Short text fragments from websites:
********

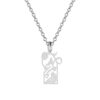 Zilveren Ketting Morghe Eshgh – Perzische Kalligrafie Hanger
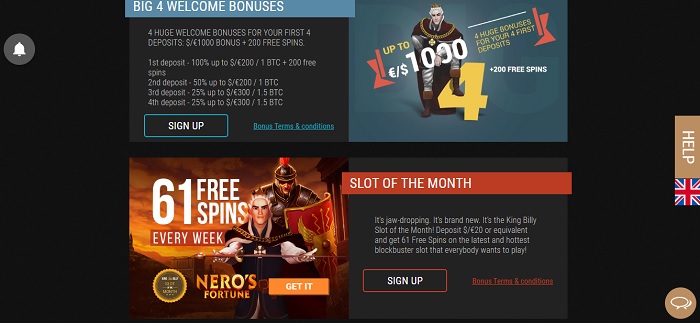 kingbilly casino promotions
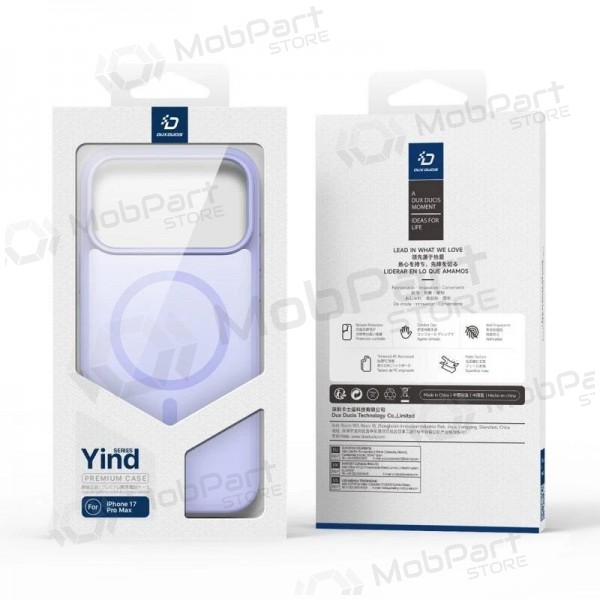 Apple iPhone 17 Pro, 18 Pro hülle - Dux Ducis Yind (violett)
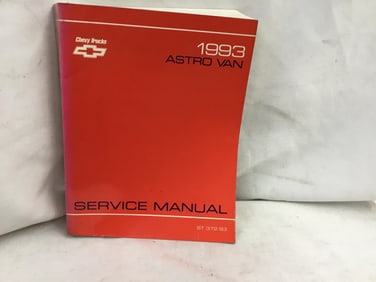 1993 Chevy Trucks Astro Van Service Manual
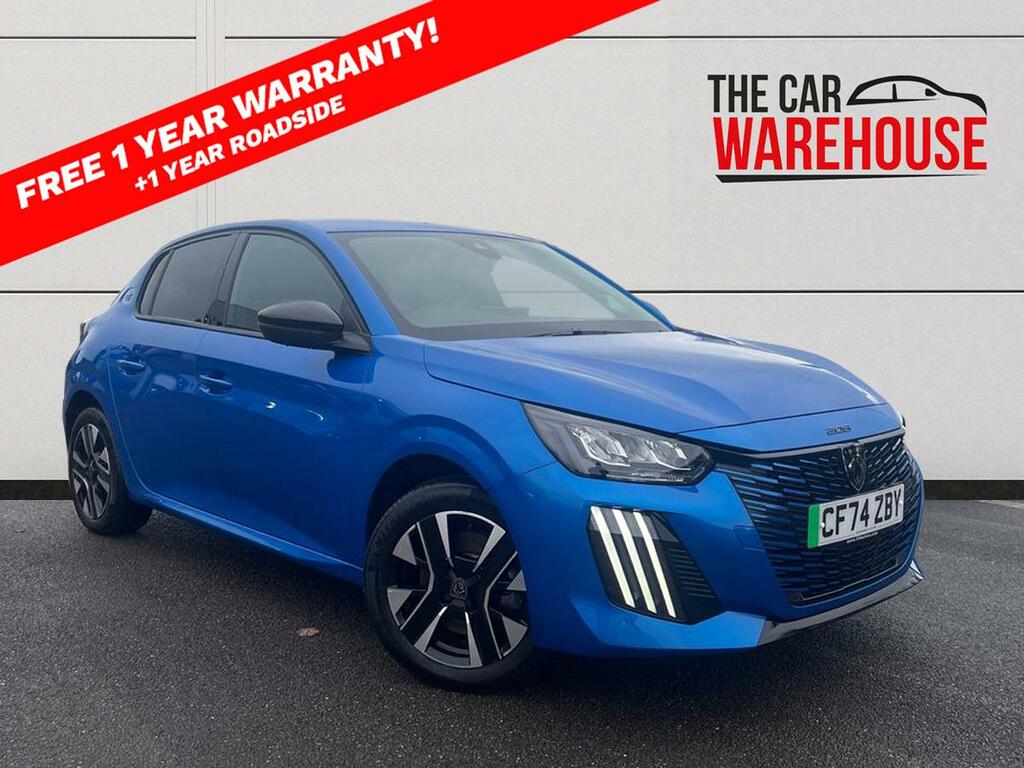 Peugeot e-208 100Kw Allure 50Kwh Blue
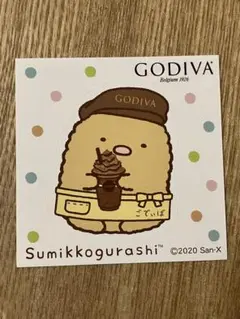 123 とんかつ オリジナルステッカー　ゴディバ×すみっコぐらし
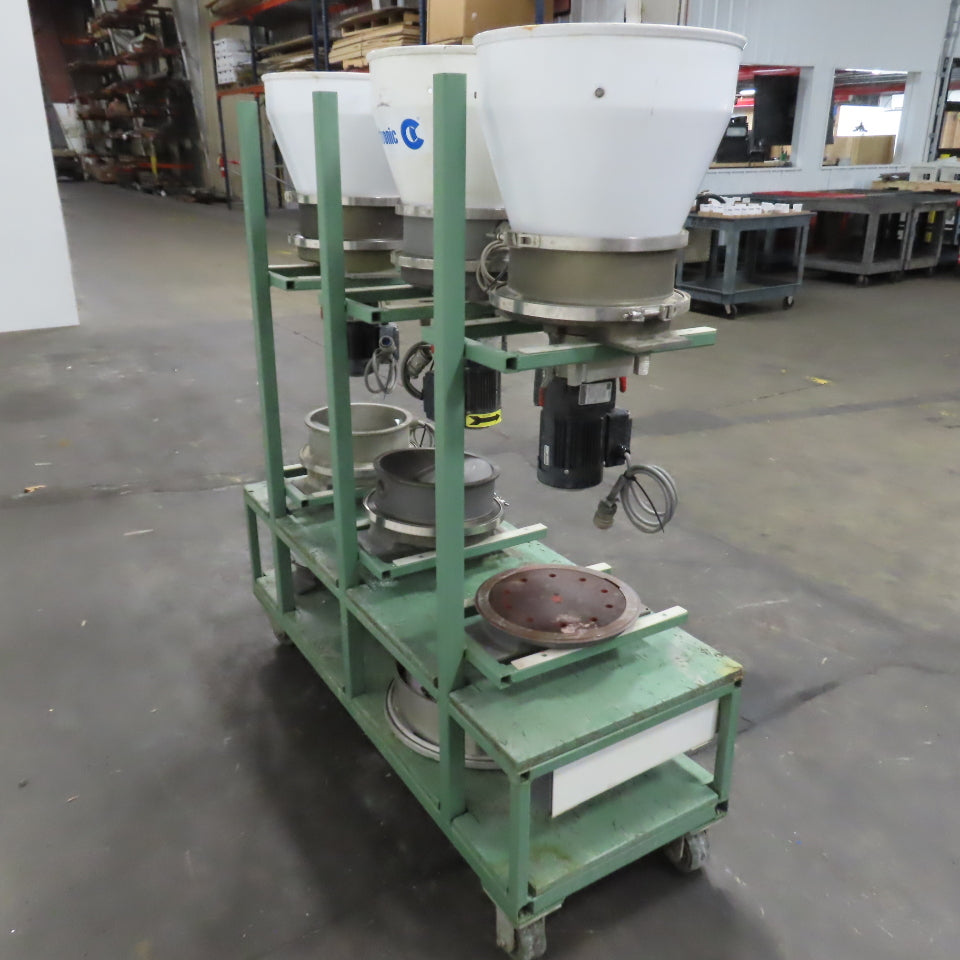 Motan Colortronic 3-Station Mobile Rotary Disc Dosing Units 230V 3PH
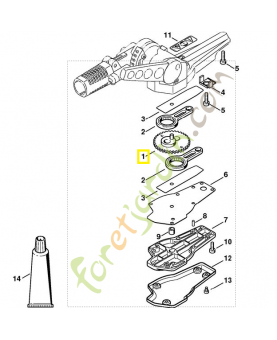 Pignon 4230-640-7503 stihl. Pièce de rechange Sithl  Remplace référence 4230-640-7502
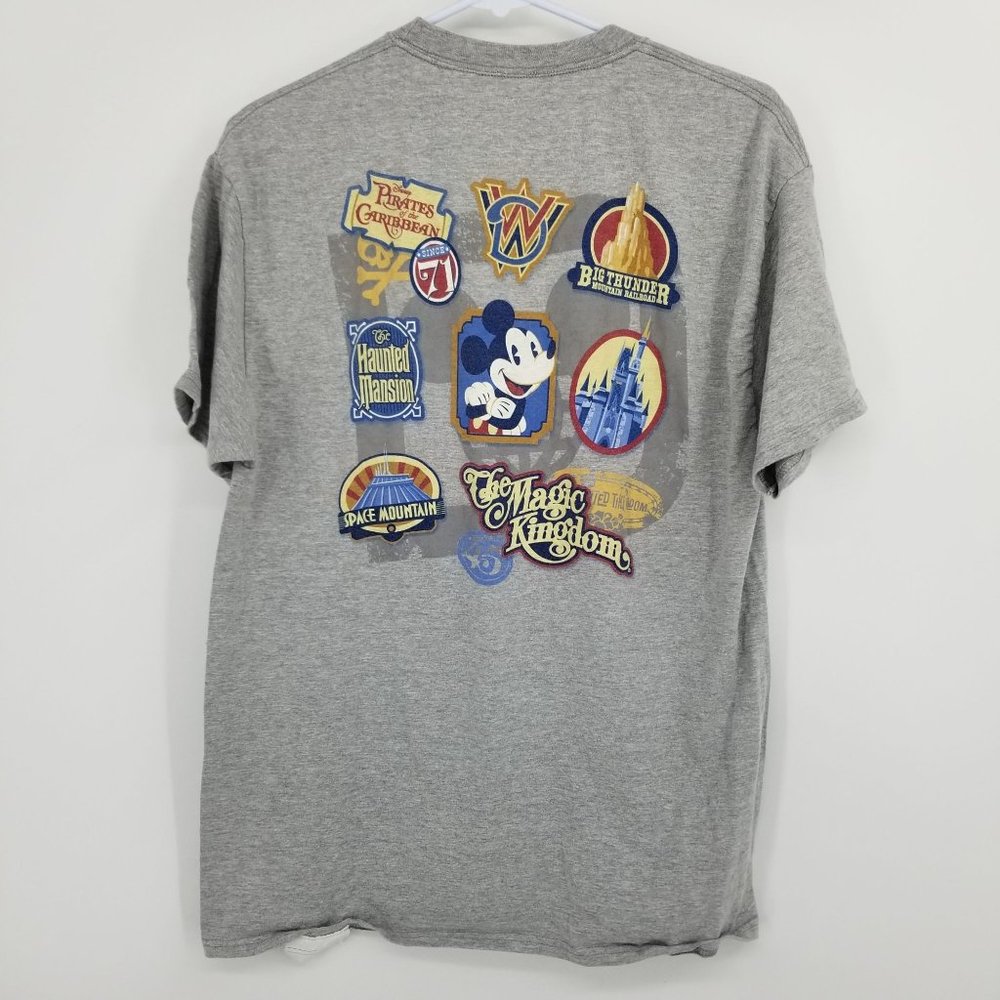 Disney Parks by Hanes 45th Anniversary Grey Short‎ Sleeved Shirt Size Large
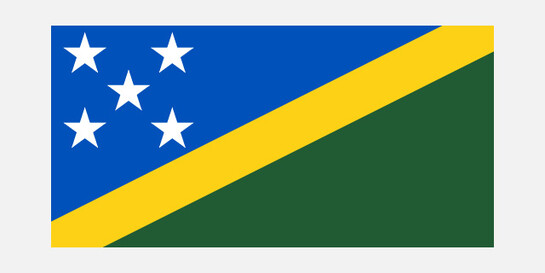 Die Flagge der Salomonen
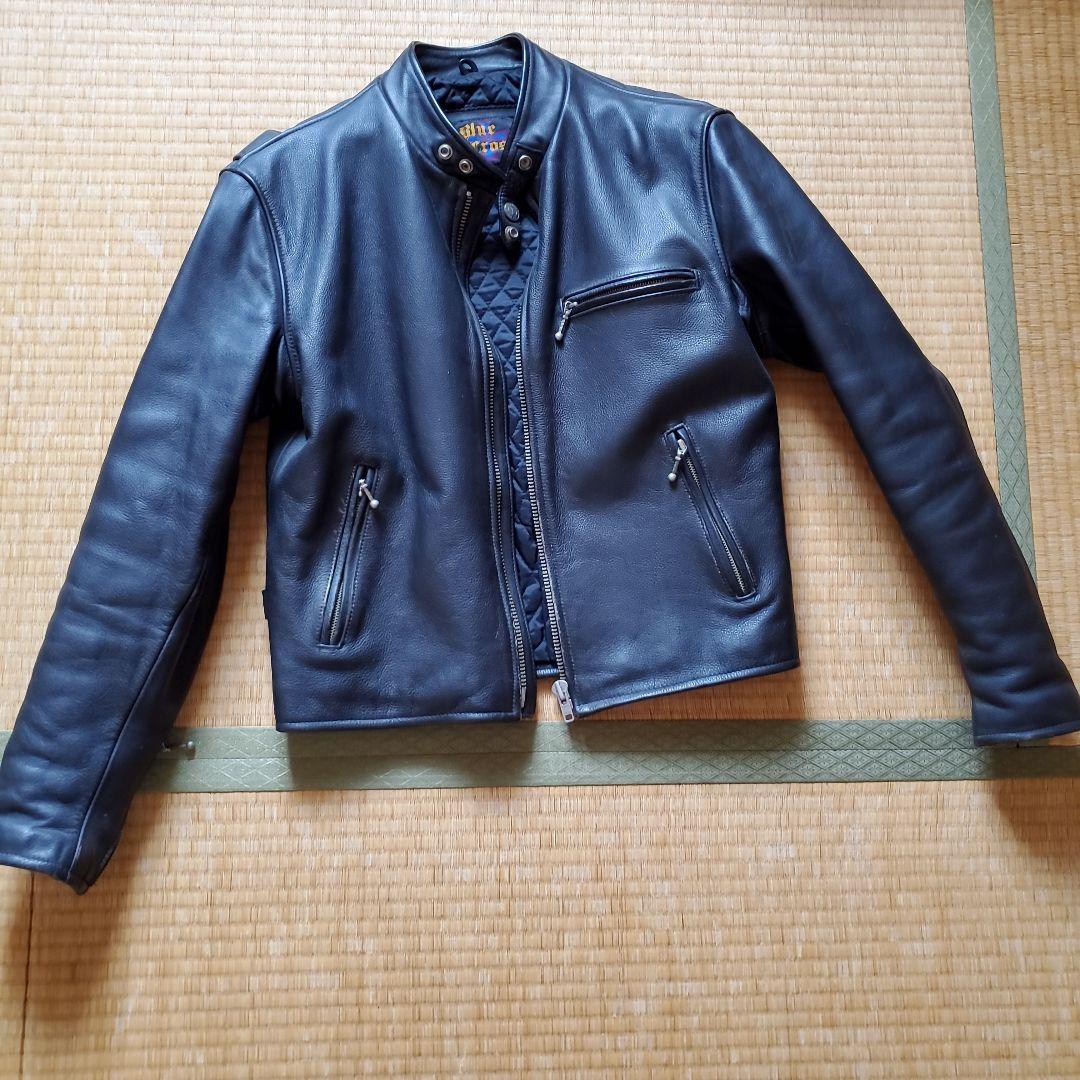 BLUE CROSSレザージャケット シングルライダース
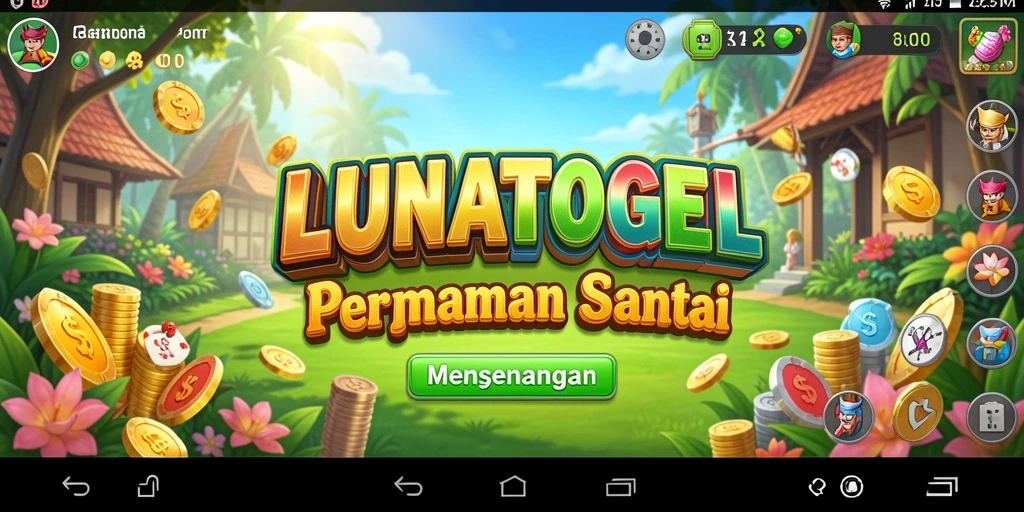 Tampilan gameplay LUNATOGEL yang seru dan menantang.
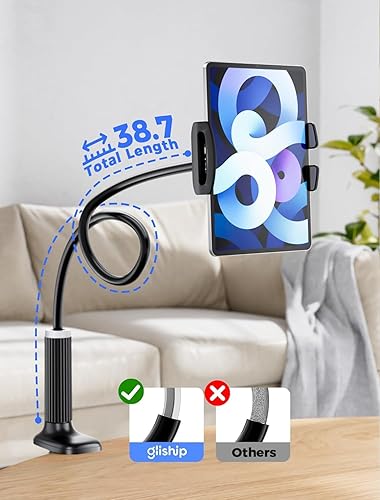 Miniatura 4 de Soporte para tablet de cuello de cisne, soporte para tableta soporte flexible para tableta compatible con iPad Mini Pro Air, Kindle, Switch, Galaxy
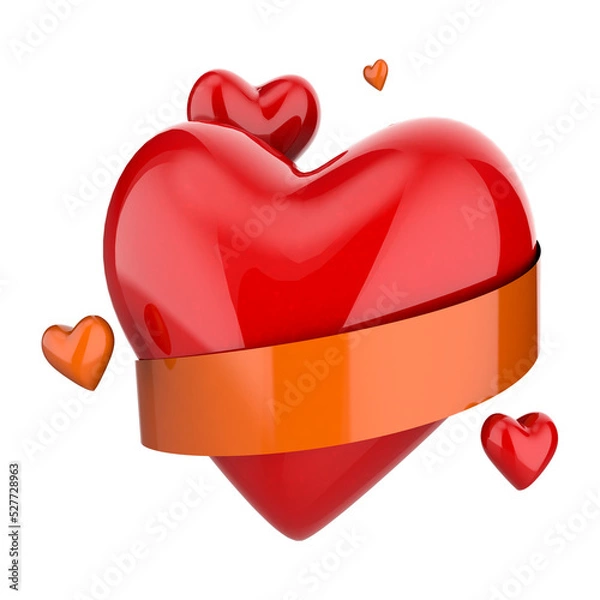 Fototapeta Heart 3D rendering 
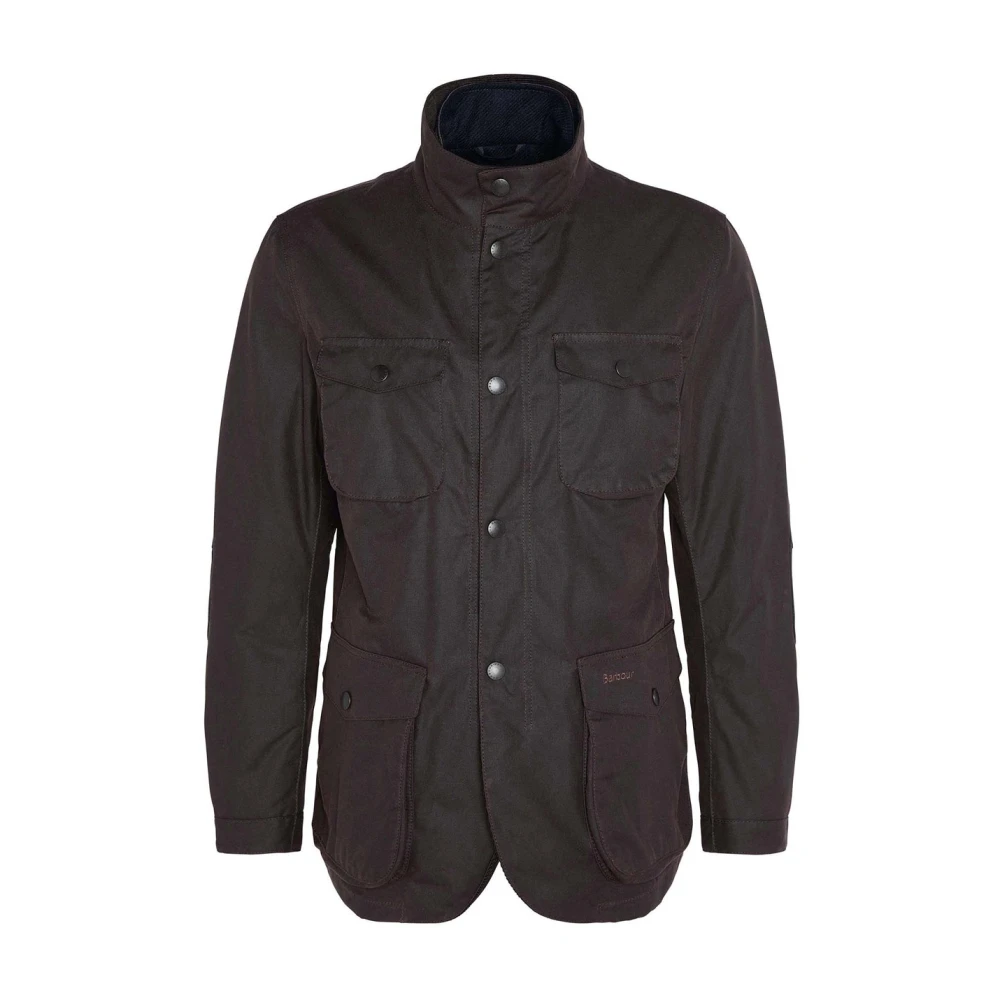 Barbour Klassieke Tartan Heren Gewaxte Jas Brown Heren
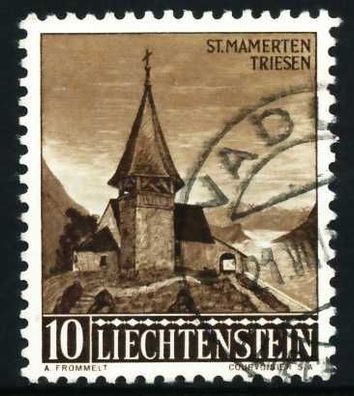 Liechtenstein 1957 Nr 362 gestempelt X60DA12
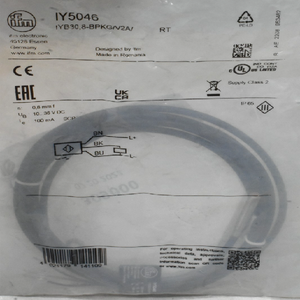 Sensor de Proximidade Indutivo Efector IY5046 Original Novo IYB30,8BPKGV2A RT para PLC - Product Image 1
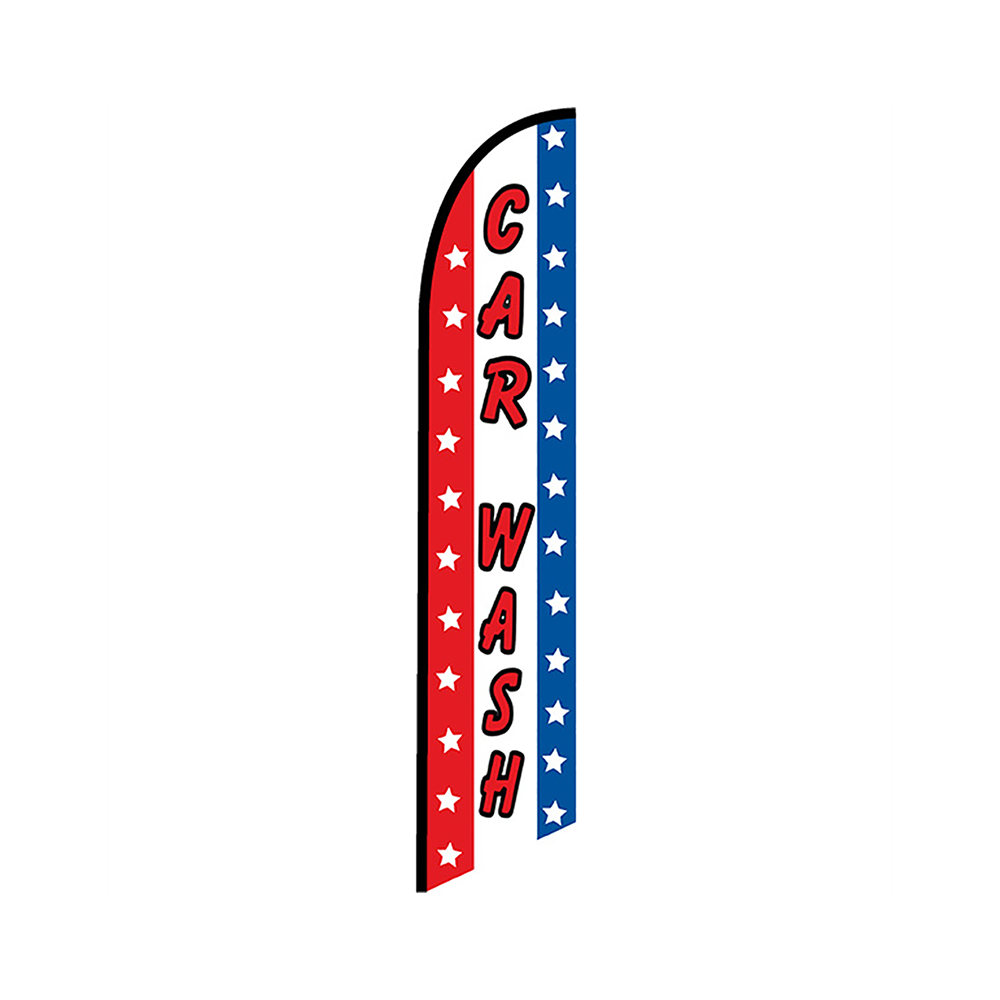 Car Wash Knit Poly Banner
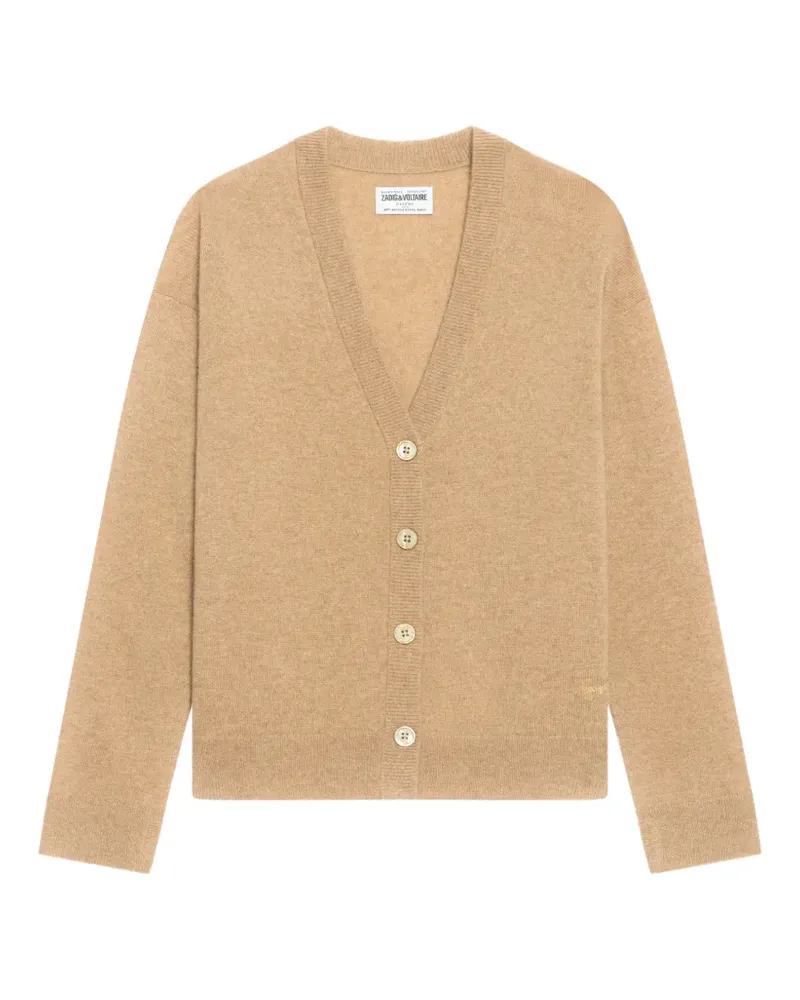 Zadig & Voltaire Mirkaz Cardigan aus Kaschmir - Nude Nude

********

[Task brief]
Using the data above, give again exactly the lines starting at the one holding "Apple iPhone 17" and ending at the one holding "Motan Colortronic 3-Station", inclusive, and nothing more. Omit the pictures.

[Reply to the task]
 Apple iPhone 17 Pro, 18 Pro hülle - Dux Ducis Yind (violett)
 1993 Chevy Trucks Astro Van Service Manual
 Peugeot e-208 100Kw Allure 50Kwh Blue
 123 とんかつ オリジナルステッカー　ゴディバ×すみっコぐらし
 Motan Colortronic 3-Station Mobile Rotary Disc Dosing Units 230V 3PH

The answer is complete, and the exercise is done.